Have we always had the Bureau that we deserve?

No. The Bureau’s history is replete with egregious violations of common law and common sense. Particularly in Hoover’s day, the FBI was at the fringe of and sometimes beyond the law. Only in recent years, thanks in good part to Director Robert Mueller, has the Bureau managed the difficult balancing act of calibrating our national security and our civil liberties.

Are FBI directors above the law?

Hoover in his heyday was the law; presidents gave him that authority. When the Supreme Court in 1939 said you couldn’t bug without a warrant, FDR told Hoover, in essence, “To hell with the Supreme Court.” Since Hoover’s death, no director has felt above the law. His immediate successor, L. Patrick Gray, lost his job and was indicted— the charges were dropped—for conspiring to violate Americans’ civil rights. That’s quite a fall.

What’s your personal take on J. Edgar Hoover?

He was one of the four or five most important figures in the American government of the 20th century. He was, as his intelligence chief, William Sullivan, put it, a hater, and once he hated someone or something, he hated all his life. Hoover’s mortal enemies were people like Felix Frankfurter, a Supreme Court justice; Roger Baldwin, head of the ACLU; W.E.B. Du Bois, this country’s first really great civil rights leader; Dr. Martin Luther King Jr. People think of this as racism or personal animus, that Hoover hated blacks or he hated Jews, or he hated liberals. I think it’s a lot more complicated. Hoover was an ideologue, and ideology is an enemy of good intelligence. He was funny, sarcastic and often petulant. His mind was narrow but very deep. He understood intelligence and its power, but not its limits.

Such as when he bugged Dr. King?

Yes, but let’s remember who authorized those bugs: Attorney General Robert F. Kennedy. Hoover had convinced Bobby Kennedy and his brother, the president, that King’s adviser, Stanley Levinson, was a Communist and that the civil rights movement was a cat’s-paw of international Communism.

Has the post-Hoover FBI ever overstepped its power?

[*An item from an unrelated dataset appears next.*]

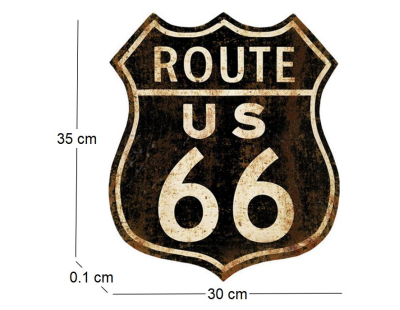 Décoration murale Route US 66 en métal 30 x 35 cm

When the Bureau oversteps, the courts or the press pull it back. Sometimes the FBI itself restores the balance. After 9/11, George W. Bush created an electronic eavesdropping system. Mueller told the president, this program is illegal; unless you trim it to within the confines of the law, I will resign, the attorney general will resign and his deputy and the four deputies after him will resign.

What about times when the Bureau was overzealous?

From 1956 to 1971, the FBI ran COINTELPRO, for “counterintelligence programs.” They were poison pen campaigns, libels and defamations against everybody from Communists to the Southern Christian Leadership Conference.

Has the FBI erred more recently?

During the 1990s, the FBI under Louis Freeh spent three times the money and manpower investigating Chinese campaign contributions that it did investigating terrorism. It’s a terrible thing to say, but that is one proximate cause for the success of the 9/11 attacks.

What do you consider examples of the Bureau at its best?

In 1964, Lyndon Johnson ordered Hoover to destroy the most violent terrorist organization in this country in the 20th century, the Ku Klux Klan. It probably went against most of the bones in Hoover’s body, but he did as the president ordered. Within three years the Klan was a shadow of itself. After the 1988 bombing of Pan Am 103, the FBI traced a fragment of clothing to a shop in Malta and figured out who bought it, tied him to the Libyan intelligence service and figured out where he’d been. And, most importantly, since 9/11 we haven’t been attacked in any serious way.

Should we all ask the Bureau for copies of our files?

Most of what you get will be blacked out.